==== EXERCISE MATERIAL ====
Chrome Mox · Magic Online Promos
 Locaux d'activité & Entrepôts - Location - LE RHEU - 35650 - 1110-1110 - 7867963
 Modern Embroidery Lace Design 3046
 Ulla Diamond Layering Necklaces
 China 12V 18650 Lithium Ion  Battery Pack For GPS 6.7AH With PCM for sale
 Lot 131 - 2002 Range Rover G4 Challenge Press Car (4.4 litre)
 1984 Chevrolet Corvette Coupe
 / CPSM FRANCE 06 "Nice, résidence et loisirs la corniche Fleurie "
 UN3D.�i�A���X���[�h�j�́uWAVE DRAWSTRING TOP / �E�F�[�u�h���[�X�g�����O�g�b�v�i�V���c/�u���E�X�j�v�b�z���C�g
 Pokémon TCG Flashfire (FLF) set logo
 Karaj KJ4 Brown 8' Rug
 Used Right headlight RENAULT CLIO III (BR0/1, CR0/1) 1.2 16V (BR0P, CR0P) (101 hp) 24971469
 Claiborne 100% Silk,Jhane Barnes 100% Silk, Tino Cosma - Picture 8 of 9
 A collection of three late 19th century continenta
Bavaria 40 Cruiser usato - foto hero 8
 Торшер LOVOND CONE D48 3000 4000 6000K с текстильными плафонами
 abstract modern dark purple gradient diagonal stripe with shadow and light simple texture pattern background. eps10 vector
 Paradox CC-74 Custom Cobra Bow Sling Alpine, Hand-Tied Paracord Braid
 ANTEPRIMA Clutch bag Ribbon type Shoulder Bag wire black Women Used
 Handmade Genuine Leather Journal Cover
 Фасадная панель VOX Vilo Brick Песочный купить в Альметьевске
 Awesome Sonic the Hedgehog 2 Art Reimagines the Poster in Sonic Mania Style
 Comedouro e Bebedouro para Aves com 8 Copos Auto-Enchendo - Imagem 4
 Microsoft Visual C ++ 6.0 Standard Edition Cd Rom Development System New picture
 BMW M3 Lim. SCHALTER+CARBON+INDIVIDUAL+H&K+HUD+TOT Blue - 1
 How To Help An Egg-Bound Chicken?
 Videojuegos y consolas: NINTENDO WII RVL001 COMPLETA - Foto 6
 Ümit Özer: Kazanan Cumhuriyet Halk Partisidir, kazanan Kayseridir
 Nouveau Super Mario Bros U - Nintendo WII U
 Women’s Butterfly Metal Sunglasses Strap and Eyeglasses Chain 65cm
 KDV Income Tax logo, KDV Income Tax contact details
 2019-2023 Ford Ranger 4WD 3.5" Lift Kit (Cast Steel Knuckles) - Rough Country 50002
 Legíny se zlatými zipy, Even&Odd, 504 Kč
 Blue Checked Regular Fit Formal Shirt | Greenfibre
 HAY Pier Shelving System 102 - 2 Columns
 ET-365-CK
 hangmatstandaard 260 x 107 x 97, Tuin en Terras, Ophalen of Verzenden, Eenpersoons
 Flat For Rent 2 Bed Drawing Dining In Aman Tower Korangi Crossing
====
◆ TASK DIRECTIONS ◆
Your task for the entries above: copy exactly the span starting with the line with "Comedouro e Bebedouro" and going on through the line with "KDV Income Tax logo, KDV", both lines included, and nothing else.

◆ RESPONSE ◆
 Comedouro e Bebedouro para Aves com 8 Copos Auto-Enchendo - Imagem 4
 Microsoft Visual C ++ 6.0 Standard Edition Cd Rom Development System New picture
 BMW M3 Lim. SCHALTER+CARBON+INDIVIDUAL+H&K+HUD+TOT Blue - 1
 How To Help An Egg-Bound Chicken?
 Videojuegos y consolas: NINTENDO WII RVL001 COMPLETA - Foto 6
 Ümit Özer: Kazanan Cumhuriyet Halk Partisidir, kazanan Kayseridir
 Nouveau Super Mario Bros U - Nintendo WII U
 Women’s Butterfly Metal Sunglasses Strap and Eyeglasses Chain 65cm
 KDV Income Tax logo, KDV Income Tax contact details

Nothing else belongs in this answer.